この彼の発言を聞いたときに、僕は「ウッディはこのままじゃあ不幸になっていくだけじゃないか?」と思いました。もはやおもちゃとしての役割も全うできず、かといって自らに言い聞かせるように吐き出した忠誠心ですら、今の持ち主であるボニーには届かない・・・。
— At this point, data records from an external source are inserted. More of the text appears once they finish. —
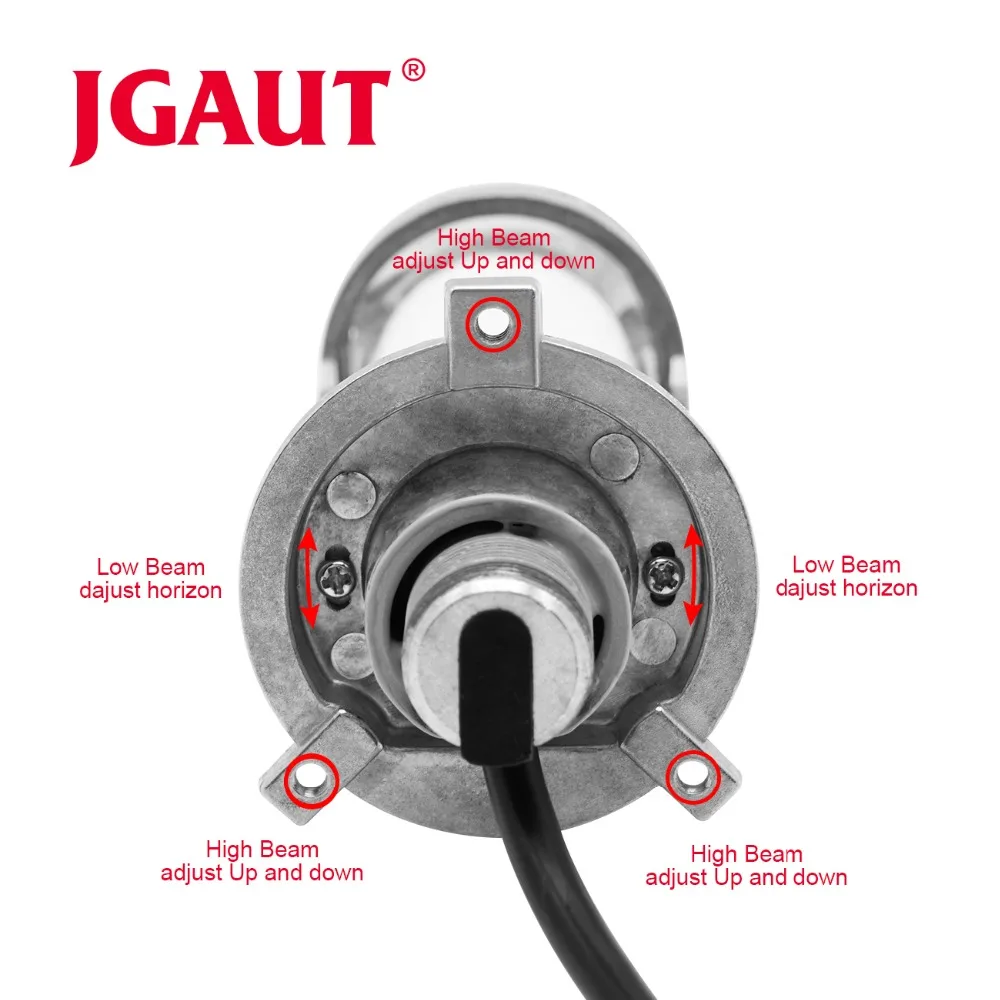 JGAUT Автомобильные фары 80 Вт H4 светодиодный Микро Мини проектор Объектив автоматический комплект лампы преобразования Hi/Lo луч фары 12 В/24 В 6000 К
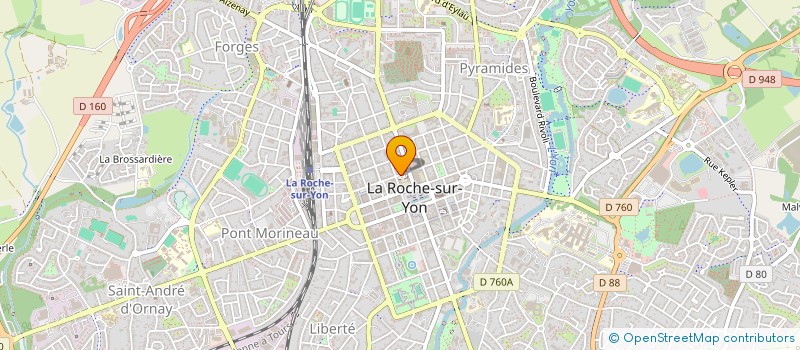 localisation de l'entreprise GRANGER-GUIBERT GESTION IMMOBILIERE à LA ROCHE-SUR-YON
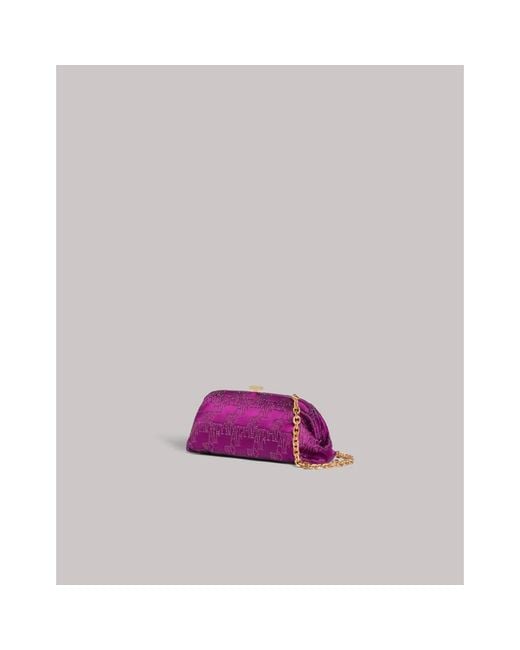 Alberta Ferretti Purple Clutches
報われないままボニーのもとに居続けたらウッディはどうなってしまうのか?かつて出てきたおもちゃたちのように、やがて人を恨むようなおもちゃになってしまうのでは?そんな風に思ったわけです。

 

役割に固執すること、特に認められない報われない役割に固執することは誰にとってもプラスにならないのではないかなと。

 

新たな役割を手に入れたウッディ。個人的にはこれでよかったとは思うが………

フォーキーを無事ボニーの元に戻したウッディはボーといっしょに新たな役割を担うことになります。それは「今まで子供のもとに行ったことがないおもちゃたちを子供につなげていく」というものです。

 

ウッディ自身は過去に自分が全うしたおもちゃとしての役割を否定しているわけではありません。実際ウッディにとってアンディと過ごした日々は幸せそのものだったし、その幸せを他のおもちゃたちにも味わってもらいたいというのは本心でしょう。

 

個人的にはこの結末でよかったとは思います。ウッディが闇落ちせず自尊心を保ったまま子供のため→おもちゃのためという新たな役割を自ら見出して活動できることは喜ばしいことではあります。

 

ただ、それは本作の中ではという感じかな。『トイ・ストーリー4』というお話であれば、この結末は納得なんだけどやっぱり前作の終わりがあまりにきれいで感動的だったもんで、この続きをあえて作ろうとしたのはなぜなのかな?と考えてしまったり。なんつーか、3後の話は想像の中で終わって具現化されなくてもよかったんじゃないかななんて思ったりしました。おもちゃの役割を全う出来たままで終わらせてあげてほしかったかも。

 

まぁ、とはいえやっぱりトイ・ストーリーという作品は面白いし相変わらずCGの美しさや滑らかさには感動しちゃうし賛否両論あろうとも観ておいて損はない作品だと思います。ぜひ劇場でご覧になってみて本作について考えてみてもらえればなと思います。